See him, see his smile. He is just leaving for an across - the - world solo flight. With only 6 months of flying training.

(See above: I want to fly)

And see him, he is still there.

(See above: He still lies there)

Meanwhile, the tent still flaps in the winds. It has been doing so for about 70 years. Who slept in it ? Not anyone the world has known. Maybe this one person the world overlooked.

Maybe the only one smiling in this entire affair is Mount Everest. After all, she was the one who called him, didn't she ? Why did we all assume that she didn't meet him when she called him ? Maybe she did meet him. If he reached all the way from a cafeteria in London, despite all odds, to within 800 feet of Mount Everest, he would have climbed those last 800 feet. This is more plausible since he died at 26,000 feet, much below. That mad man would never have left the last 800 feet and walked down only to die 2000 feet below.

Maybe, madness pays. Maybe love pays.

-- Sandeep Chopra, 10 July, 2003

Thursday, September 22, 2005

Harsh Bahuguna


:: Memorial for Major Harsh Bahuguna, enroute Everest Base Camp
Copyright © Sandeep Chopra


The mountain has seen many heartbreaking deaths. There is a story which lurks in every corner, on every rock, on every ridge, one every couloir, in and above every crevasse.

This is a story about one such crevasse Hema. It is about a brave concept: an international expedition to the mountain which decided to try a dangerous route...the South West face and then the West Ridge Direct. The mountain herself warns us not to try that route often. She tells us often enough by creating wind loops and storms on the West Ridge more often than anywhere else on her body.

Yet this team set out to try the ridge. And sure enough, a storm hit the ridge beyond Camp 3. The expedition is an International one - there are 30 climbers from 13 countries. Yet, the story focusses on one climber from one country who is struggling, caught in the middle of the storm, clipped onto fixed ropes and dangling in mid-air. Helpless. It is -32 degree centigrade, and this man has lost a glove, and his bare midriff is exposed to air, and his face is coated in ice. His eyes are nearly frozen due to formation of ice.

Yet he is alive. He is struggling, trying to disentangle himself from the clips, trying to disentangle himself from the taut fixed rope which is stretched across a crevasse. Whatever little life is inside him is struggling for release.

There is his companion at one end of the crevasse who is trying to get this man to move horizontally along the rope. This other man is also tired and exhausted but is trying his best. The man dangling and the man trying to help are the best of friends - as best as friendship can be. They are pleading to the mountain to let this friendship not be cut short.

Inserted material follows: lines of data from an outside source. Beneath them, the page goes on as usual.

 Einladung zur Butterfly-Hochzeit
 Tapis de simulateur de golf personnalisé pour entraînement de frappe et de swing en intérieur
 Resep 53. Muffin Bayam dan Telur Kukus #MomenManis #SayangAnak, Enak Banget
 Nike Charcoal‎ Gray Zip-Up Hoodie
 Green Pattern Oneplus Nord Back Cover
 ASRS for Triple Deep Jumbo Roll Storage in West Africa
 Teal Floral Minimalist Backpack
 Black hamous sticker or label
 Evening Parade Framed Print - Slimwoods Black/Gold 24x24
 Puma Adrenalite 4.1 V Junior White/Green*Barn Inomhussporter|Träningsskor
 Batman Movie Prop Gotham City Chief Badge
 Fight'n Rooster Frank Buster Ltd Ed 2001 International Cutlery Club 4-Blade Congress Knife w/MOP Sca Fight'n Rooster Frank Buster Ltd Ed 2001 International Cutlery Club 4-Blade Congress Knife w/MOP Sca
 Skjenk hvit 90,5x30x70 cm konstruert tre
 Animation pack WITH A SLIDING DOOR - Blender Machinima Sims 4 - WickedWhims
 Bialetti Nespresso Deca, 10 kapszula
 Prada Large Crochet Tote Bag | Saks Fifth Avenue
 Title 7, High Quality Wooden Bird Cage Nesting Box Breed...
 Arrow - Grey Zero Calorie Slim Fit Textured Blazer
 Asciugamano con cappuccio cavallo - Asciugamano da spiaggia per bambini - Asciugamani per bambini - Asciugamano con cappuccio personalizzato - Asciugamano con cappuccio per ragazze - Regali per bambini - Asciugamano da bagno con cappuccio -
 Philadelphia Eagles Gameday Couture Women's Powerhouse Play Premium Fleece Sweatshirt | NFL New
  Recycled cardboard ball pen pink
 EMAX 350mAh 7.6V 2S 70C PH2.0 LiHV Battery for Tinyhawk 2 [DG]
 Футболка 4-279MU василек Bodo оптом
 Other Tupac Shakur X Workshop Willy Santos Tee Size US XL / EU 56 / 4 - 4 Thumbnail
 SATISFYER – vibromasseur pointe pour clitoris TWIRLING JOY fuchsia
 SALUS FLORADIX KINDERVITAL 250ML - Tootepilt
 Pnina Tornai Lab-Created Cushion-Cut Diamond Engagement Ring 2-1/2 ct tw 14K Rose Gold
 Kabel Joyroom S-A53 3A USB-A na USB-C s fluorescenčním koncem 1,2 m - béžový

It is impossible to move this man horizontally across the rope. He is too entangled for that. This other man then gets an idea. He has some fixed rope in his rucksack. He takes out this rope. He throws it across to the dangling man and tries to lower him down vertically. The idea being that there is a crevasse below and that the crevasse would give him some shelter from the storm till help could be fetched. The idea works. The man starts getting lowered into the crevasse and hopes springs.

It was all a question of 2 feet. The new rope fell short by 2 feet and the man was left dangling 2 feet above the crevasse, not getting any shelter. It was a hopeless situation. The mountain raged her fury while a man dangled 2 feet above a crevasse exposed and another man looked on helplessly from one end of the crevasse.

Don Whillians said later that it was the saddest moment of his life as he saw Harsh Bahuguna's eyes open and look at him helplessly. There was fear and the inevitability of death in those eyes. There was also the pain of knowing that a friendship was ending. And then Harsh looked down at the gaping crevasse.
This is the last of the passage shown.